子どもが病気かどうかも知らされない親たちがいます 「パパかママか」(単独親権)から「パパもママも」(共同親権)へ

◆コロナパニックのさ中に子どもの安否がわからない

 毎日新型コロナウィルスの感染拡大のニュースがテレビから流れている。学校は休みになって、仕事と子育ての間で悩む「ひとり親」の苦境が伝えられる。でも、こんな状況になっても自分の子どもの健康状態すら知ることができない親たちがいる。離婚や未婚で子どもと引き離された親たちだ。

 日本では子育てに両親が責任を負う「共同親権」は法律で「婚姻中」に限定されている。離婚や未婚の場合は、どちらか一方に親権を決めなければいけない(単独親権)。だから、親権をめぐっての子の奪い合いが生じ、会わせるともう一方の親に子どもがなついてしまうかもしれないという不安から、子どもを連れ去り囲い込む。
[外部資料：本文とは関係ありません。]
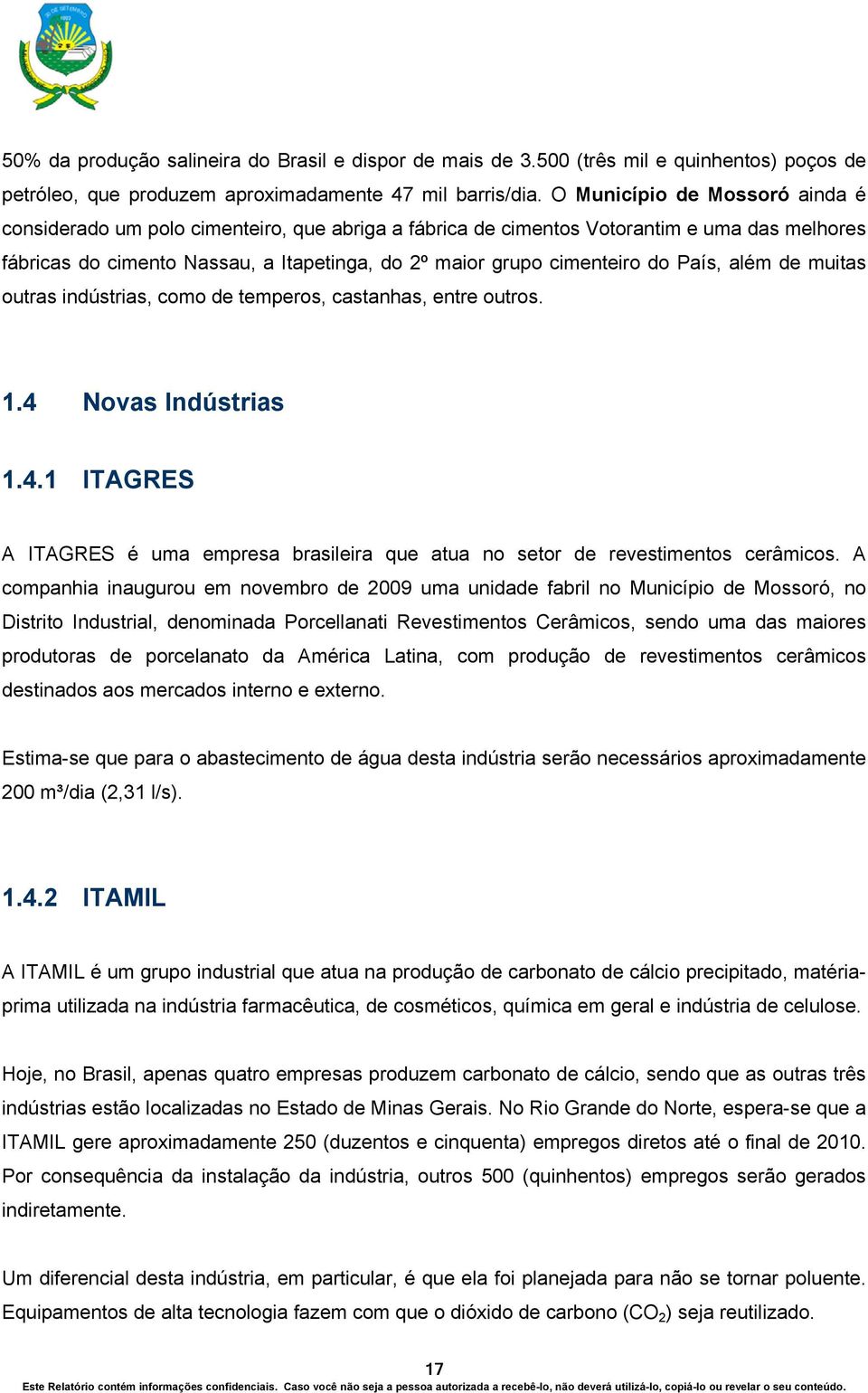 País, além de muitas outras indústrias, como de temperos, castanhas, entre outros. 1.4 Novas Indústrias 1.4.1 ITAGRES A ITAGRES é uma empresa brasileira que atua no setor de revestimentos cerâmicos.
 その結果私たちは自分の子どもと引き離された。会わせるという約束があったのに守ってもらえず、子どもが成人したのに、子どもの住所までわからないという父親もいる。そうやって失われた子どもとの時を国に償わせるために、私たちは単独親権制度は違憲、制度を放置してきたのは違法と裁判を起こした。

◆国際社会から批判を受ける日本の家族法

 ドイツやイタリアは日本への渡航に注意を呼び掛けている。コロナウィルスのことじゃない。日本の「子連れ別居」はいまや“拉致”と国際的な批判を受けている。離婚したら母親が子どもを見るのが当たり前。男性は女性への配慮が足りなかったから、不仲で母親が子どもを連れて家を出て会わせないところで問題ない。そんな日本の「常識」は海外では犯罪とされている。
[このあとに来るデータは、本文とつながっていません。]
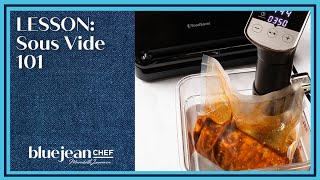 Lesson Sous Vide 101  Blue Jean Chef [upl. by Socrates29]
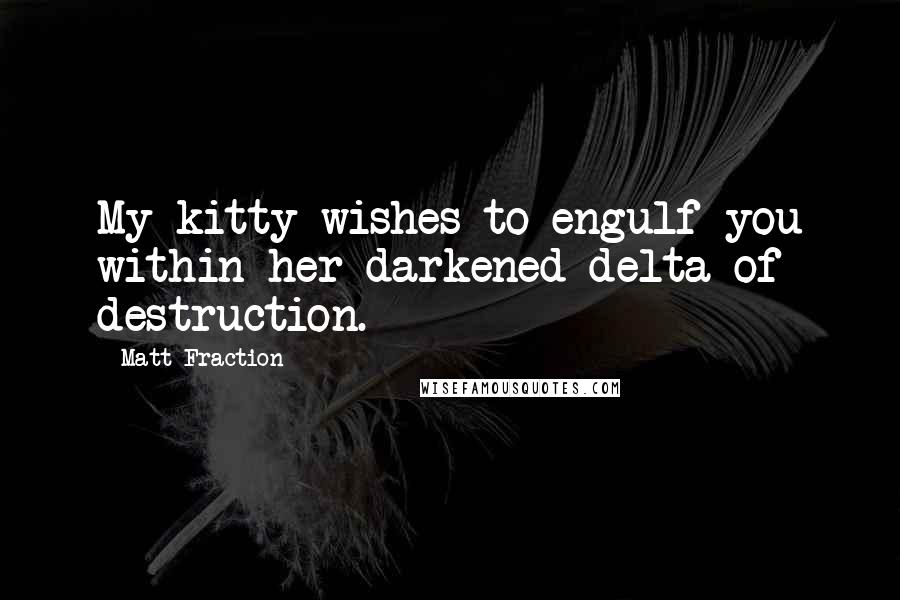 Matt Fraction Quotes: My kitty wishes to engulf you within her darkened delta of destruction.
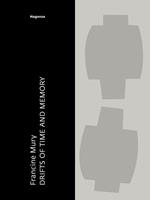 Francine Mury. Drifts of time and memories. Ediz. illustrata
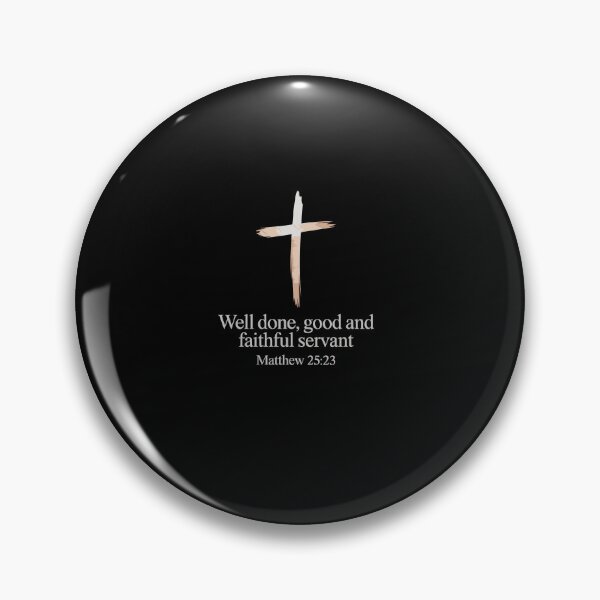 Item preview, Well Done Good and Faithful Servant Christian Bible Verse designed and sold by Dressed For  Duty.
他人がしても親がしても誘拐は誘拐。他人が殴っても夫が殴っても暴力は暴力。ともに犯罪。共同親権に転換した多くの国では、人々が「別れた後の共同子育て」を暮らしの中で受け入れ、子どもは「パパの家」と「ママの家」を日常的に行き来している。国際離婚も増えてきたため、日本で子どもと引き離される外国籍の親たちも増えてきた。

いま、そういった国内拉致の是正圧力を海外から日本は受けている。EU議会で請願が審議され、議長は日本国内の拉致の横行に吐息をついた。
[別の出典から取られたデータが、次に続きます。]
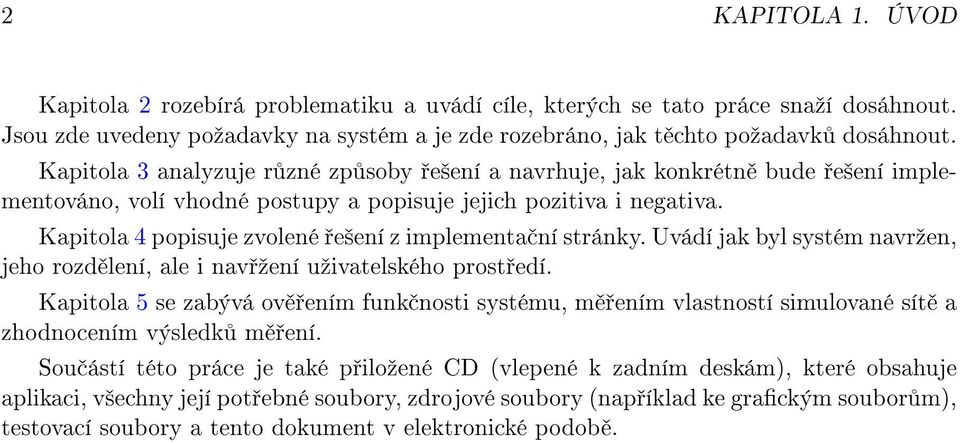 Kapitola 4 popisuje zvolené e²ení z implementa ní stránky. Uvádí jak byl systém navrºen, jeho rozd lení, ale i nav ºení uºivatelského prost edí.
「とても21世紀の話とは思えない、17世紀の歴史書を読んでいるようだ」。

◆放置してきたのはなぜ? 婚姻外の親子関係を差別してきたから

国は引き離したのは元妻(夫)であって国ではない、と責任を逃れようとしている。水俣病もチッソが水銀が入った廃液を垂れ流したのを行政が見過ごし放置したことで被害が拡大した。コロナウィルスだって同じこと。国が単独親権という病理を放置してきたことが、おびただしい数の引き離された親子や、苦境にあえぐ「ひとり親」を量産してきた。「子どもがほしければちゃんと結婚して離婚するな」。私たちは一つの家族の形を強制されている。私たちのような親子が日々生まれるのは、婚姻外の家族関係を差別したが故の人災。あなたは一体どんな家族を生きていきたい?